授賞式での様子(本多さんと大学公式キャラクター ヨッチー) 本多 萌恵 さんのコメント
このたびは「ときめきのある研究」として、このような賞をいただくことができ、とても光栄です。本研究を進めるにあたって、辻先生をはじめとした辻研究室の皆さま、共同研究者の皆さまにはディスカッションのお時間をいただくなど、非常に多くのサポートを賜りました。心より御礼申し上げます。今回の受賞を励みに、今後も面白い研究にまい進してまいります。 指導教員 辻 寛之 教授のコメント
本多萌恵さん、イネワークショップでの受賞おめでとうございます! これまで本当にたくさんのイメージング実験などを積み重ねてこられたので、本多さんの発表がたくさんの方々が「ときめき」を持って受け取られたことをとてもうれしく思います。
また、今回のワークショップでは受賞されたイネの研究の口頭発表に加えて、理数マスターで理学部1年のときから取り組んできたナギイカダのポスター発表もされて、とてもすばらしいと思います。理数マスターの研究とイネの研究の二本立てでの発表は大変だったと思いますが、本当に丁寧に両方の準備をされたと思います。
あらためて受賞おめでとうございます。これからもわくわくする研究をして、楽しいサイエンスの時間を紡いでいきましょう!

用語説明
*1 フロリゲン:茎頂メリステムで成長相転換を引き起こす因子。イネではHd3aと呼ばれる球状のタンパク質である。フロリゲンは植物が花をつけるのに適した季節を認識すると葉で合成され、維管束を通って茎の先端まで輸送され、茎頂メリステムにたどり着くと成長相転換を引き起こす。フロリゲンは植物の環境適応から農業生産まで極めて重要な役割を果たしていることから、その発生学的な働きを解明することで幅広い領域への貢献が期待されている。

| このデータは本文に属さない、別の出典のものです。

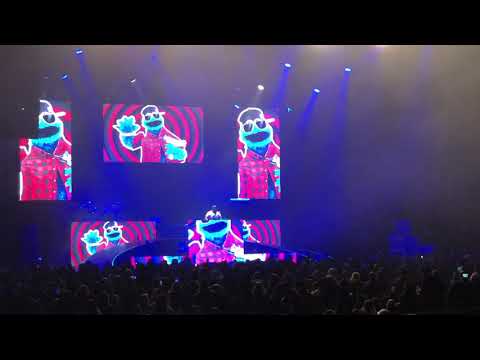 Nelly & Jimmie Allen | Corbin Arena,KY.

*2 茎頂メリステム(SAM):茎の先端にある直径わずか50ミクロンの極小の組織茎頂メリステムにある幹細胞と呼ばれる細胞群から細胞分裂で生じた細胞が成長すると花、茎、葉など植物の地上部すべての器官が形成される。

*3 成長相転換:植物が葉を作る状態から花を作る状態に変化すること。茎頂メリステムは発芽して以降、最初は、葉をつくり続ける「栄養成長相」であるが、その後、花をつくるのに適した季節の到来を感知すると、葉をつくるのをやめて花をつくる「生殖成長相」へ相転換する。成長相転換のタイミングの決定は、植物が個体として生き残るためにも種として生き残るためにももっとも重要なイベントであると同時に、人類の生存を支える農業生産のうえでも最重要なイベントである。